**What is required:** Set down the entries exactly as they appear, apart from the images, which stay out.

Image-caption web data:
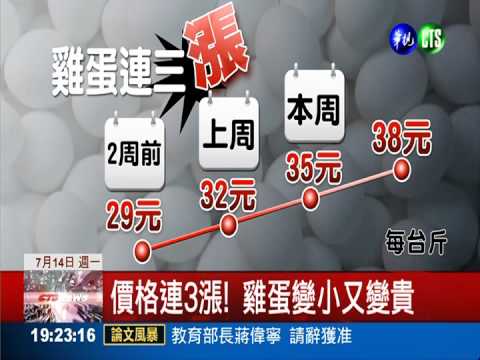 雞隻太熱沒食慾 雞蛋變小又變貴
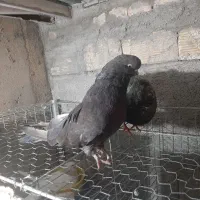 کبوتر|پرنده|میانه, |دیوار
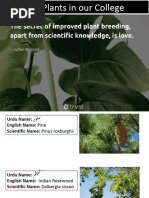 Trees of Pakistan: A Comprehensive Guide | PDF | Grafting | Mango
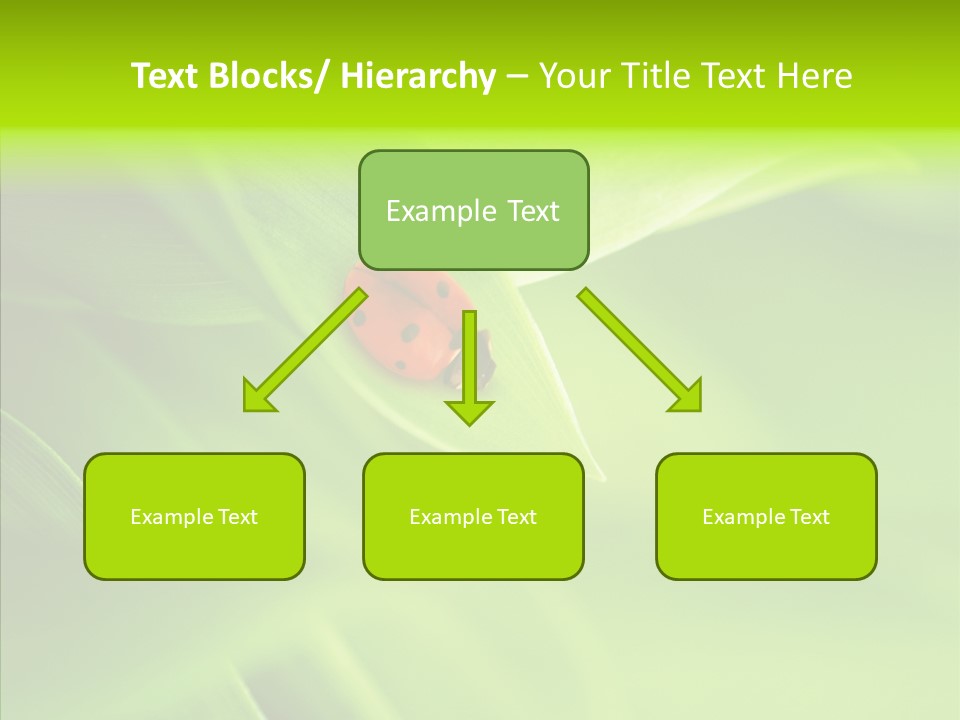 Idyllic Spring Grass PowerPoint Template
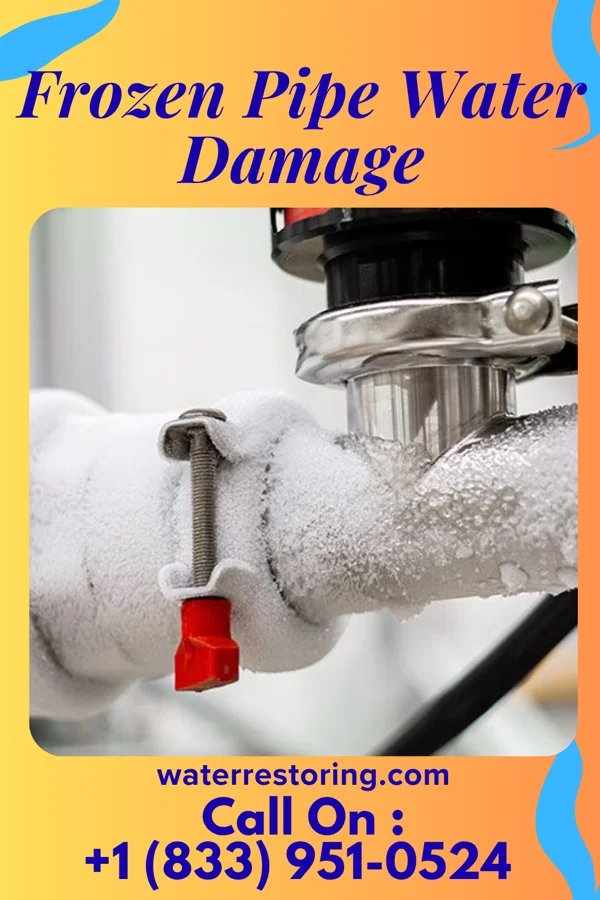 Frozen Pipe Water Damage in University Center, VA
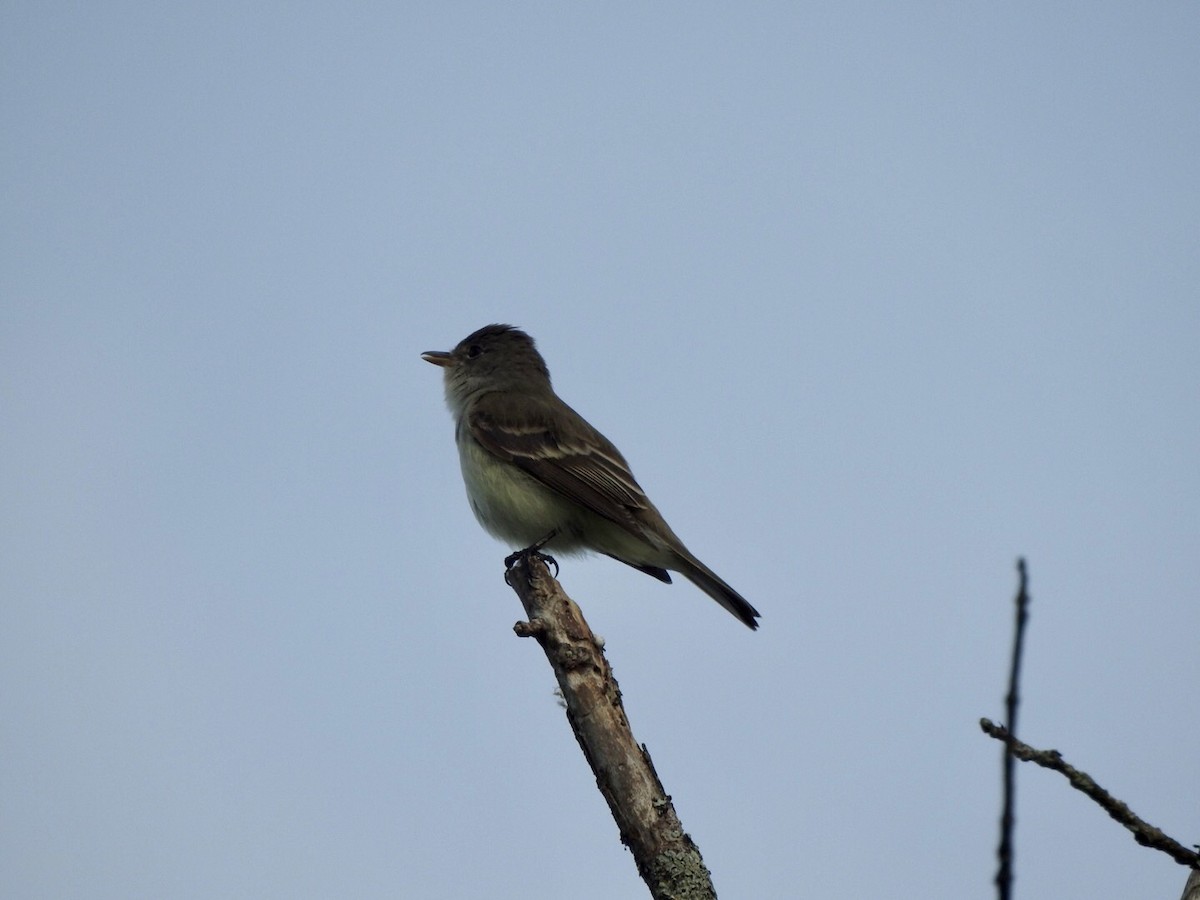 Willow Flycatcher - Anita Hooker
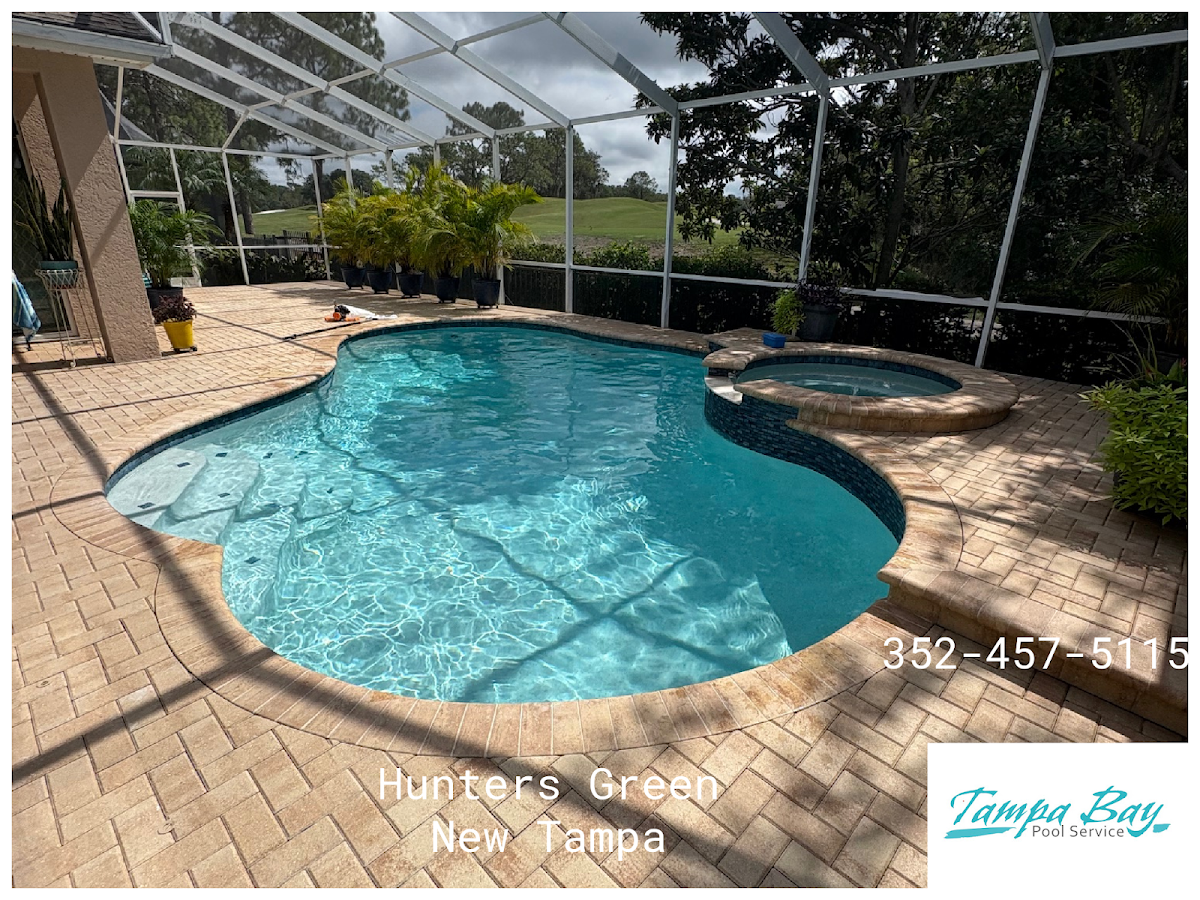 Tampa Bay Pool Service work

**Exercise output:**
 雞隻太熱沒食慾 雞蛋變小又變貴
 کبوتر|پرنده|میانه, |دیوار
 Trees of Pakistan: A Comprehensive Guide | PDF | Grafting | Mango
 Idyllic Spring Grass PowerPoint Template
 Frozen Pipe Water Damage in University Center, VA
 Willow Flycatcher - Anita Hooker
 Tampa Bay Pool Service work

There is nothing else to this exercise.